What is required:
Output range, inclusive: from the line containing "Product image 2" to the line containing "Brilagi - Nástěnné". Restate those lines from the data below word for word and only those.

Listed entries:
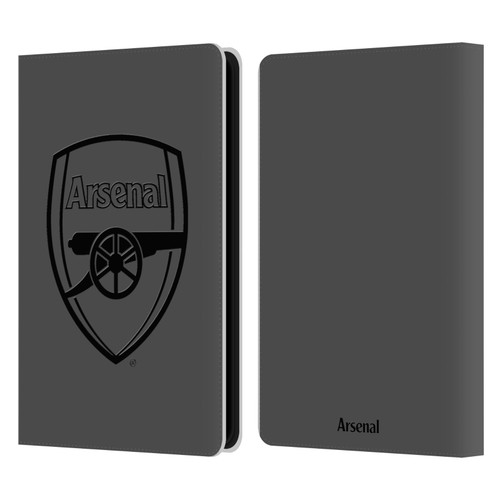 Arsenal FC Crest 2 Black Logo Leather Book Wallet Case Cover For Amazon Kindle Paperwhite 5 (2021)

==

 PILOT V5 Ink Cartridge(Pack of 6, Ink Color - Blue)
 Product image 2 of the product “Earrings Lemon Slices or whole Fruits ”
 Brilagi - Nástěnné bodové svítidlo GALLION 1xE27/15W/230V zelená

==

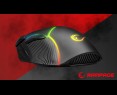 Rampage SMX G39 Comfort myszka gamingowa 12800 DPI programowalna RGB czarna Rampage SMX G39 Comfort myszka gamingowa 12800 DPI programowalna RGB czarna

Output of the exercise:
 Product image 2 of the product “Earrings Lemon Slices or whole Fruits ”
 Brilagi - Nástěnné bodové svítidlo GALLION 1xE27/15W/230V zelená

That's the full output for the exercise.